A few days ago, I celebrated one of those “milestone” birthdays. You know, the ones with a zero or five at the end of the (hopefully) two-digit number. Fortunately, my husband lifted me out of my “I’m aging” depression with a truly wonderful gift: a box of carefully-selected German wines.
Huh? Who drinks German wine, anyway? It’s not popular. And all the bottles have nuns on them, right?
When I tell people that I’m writing a new column on German wine, the inevitable response is, “Oh, that sweet stuff,” which proves my main theory of German wine – let’s call it Theorem G.
Theorem G: Most casual wine drinkers outside of Germany have no idea what German wines are all about.

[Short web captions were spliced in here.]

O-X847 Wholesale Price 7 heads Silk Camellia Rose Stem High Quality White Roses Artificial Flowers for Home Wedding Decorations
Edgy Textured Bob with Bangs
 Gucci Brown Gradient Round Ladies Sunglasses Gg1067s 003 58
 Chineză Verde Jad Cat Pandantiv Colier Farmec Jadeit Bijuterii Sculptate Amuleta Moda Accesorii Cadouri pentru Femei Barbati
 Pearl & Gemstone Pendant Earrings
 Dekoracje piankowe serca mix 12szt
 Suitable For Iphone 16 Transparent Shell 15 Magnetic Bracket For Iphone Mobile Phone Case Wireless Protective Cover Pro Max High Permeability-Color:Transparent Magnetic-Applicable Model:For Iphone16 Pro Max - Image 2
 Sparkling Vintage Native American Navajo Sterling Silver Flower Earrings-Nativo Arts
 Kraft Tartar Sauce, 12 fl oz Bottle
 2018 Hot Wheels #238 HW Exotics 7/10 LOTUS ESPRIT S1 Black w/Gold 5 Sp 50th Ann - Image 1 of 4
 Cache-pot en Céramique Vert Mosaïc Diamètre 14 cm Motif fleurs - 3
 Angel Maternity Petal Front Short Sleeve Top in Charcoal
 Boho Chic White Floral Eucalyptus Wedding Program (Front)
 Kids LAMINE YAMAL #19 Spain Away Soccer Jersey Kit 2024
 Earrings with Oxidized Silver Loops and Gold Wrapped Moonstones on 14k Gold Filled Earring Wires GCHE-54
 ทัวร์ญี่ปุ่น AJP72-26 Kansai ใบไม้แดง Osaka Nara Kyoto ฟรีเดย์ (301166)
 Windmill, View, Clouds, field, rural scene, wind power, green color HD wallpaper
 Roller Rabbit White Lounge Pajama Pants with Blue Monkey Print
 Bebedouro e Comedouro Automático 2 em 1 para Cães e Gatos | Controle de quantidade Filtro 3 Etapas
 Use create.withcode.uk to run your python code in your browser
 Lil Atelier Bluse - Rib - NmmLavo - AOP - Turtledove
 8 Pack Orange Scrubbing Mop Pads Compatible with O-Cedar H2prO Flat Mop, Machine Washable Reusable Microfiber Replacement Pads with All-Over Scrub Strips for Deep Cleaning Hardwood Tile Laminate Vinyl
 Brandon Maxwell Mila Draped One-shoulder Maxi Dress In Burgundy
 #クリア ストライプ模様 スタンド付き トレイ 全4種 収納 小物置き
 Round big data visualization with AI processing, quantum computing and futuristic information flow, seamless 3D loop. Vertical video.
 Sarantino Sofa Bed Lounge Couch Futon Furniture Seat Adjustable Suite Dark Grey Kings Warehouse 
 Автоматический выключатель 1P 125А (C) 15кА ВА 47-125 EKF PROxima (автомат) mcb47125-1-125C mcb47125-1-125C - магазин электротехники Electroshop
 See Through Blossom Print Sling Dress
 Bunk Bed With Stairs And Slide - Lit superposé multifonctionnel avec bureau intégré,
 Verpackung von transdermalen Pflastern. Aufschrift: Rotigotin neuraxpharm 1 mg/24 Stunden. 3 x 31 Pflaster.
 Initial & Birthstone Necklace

And that’s no coincidence.
German wine styles are confusing, at best. It’s difficult to decode the detailed labels. Many German cooperatives and estates produce so many types of wine that drinkers often can’t tell one German wine from another. Recent changes to German wine classification laws have muddled the picture. Most American wine shops don’t stock a wide range of German wine. Many wine lovers just give up on the whole German thing.
This brings me to my next theorem – I’ll call this one Theorem N.
Theorem N: You’re missing out if you don’t taste some German wine.
German wines aren’t just light, white and sweet. German wineries produce some opulent reds, amazing (and expensive!) specialty wines and dry, balanced whites. If you haven’t tasted good-quality German wine, you’ve shortchanged yourself.